239 - **Audio ingest.** Audio is a separate path —
240 `::audio path="..." transcript="..."::` on an audio-language base.
241 See [audio-training.md](audio-training.md).
242
243 ## VL GGUF emitter trajectory
244
245 The VL export path today routes every verdict through HF-snapshot
246 and prints a banner. Going from that to single-file VL GGUF needs
247 three pieces to line up, in order:
248
249 1. **Upstream llama.cpp** registers the VL arch class in
250 `convert_hf_to_gguf.py` (currently only Qwen2-VL; PaliGemma and
251 InternVL2 are UNSUPPORTED at the pinned tag). Our
252 `scripts/bump-llama-cpp.sh` re-runs the arch probe on every bump
253 and caches verdicts in `vendor/llama_cpp_vl_arch_support.json`,
254 so re-verdicting is mechanical once a new llama.cpp tag lands.
255 2. **The dlm-side emitter** invokes the upstream converter on a
256 merged VL adapter, packages the resulting GGUF, and hands it to
257 `render_vl_modelfile` for the Ollama-compatible Modelfile. The
258 renderer, arch probe, version guard, and per-family stops are
259 already in place; only the emitter orchestration is missing.

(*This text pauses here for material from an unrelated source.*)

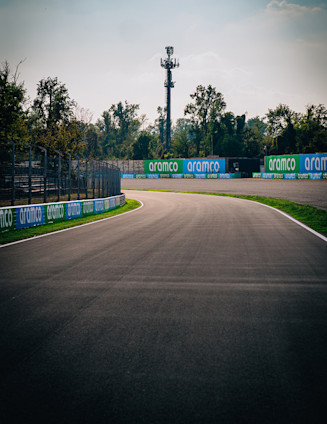 Italian GP thumbnail 1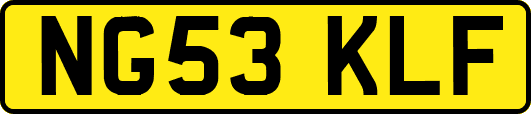 NG53KLF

260 3. **An integration test** picks one SUPPORTED base, trains a
261 1-step adapter on the fixture, converts to GGUF, runs
262 `ollama create`, and smoke-tests inference. The test scaffold
263 (auto-skip while UNSUPPORTED) is already checked in; the body
264 fills in when step 2 lands.
265
266 Until all three align, `dlm export` on a VL base writes an
267 HF-snapshot tarball — the same artifact a downstream recipient loads
268 via `AutoModelForImageTextToText.from_pretrained` +
269 `PeftModel.from_pretrained`. See
270 [docs/hardware/vl-memory.md](../hardware/vl-memory.md#llamacpp-gguf-support-matrix-sprint-354)
271 for the current per-arch verdicts.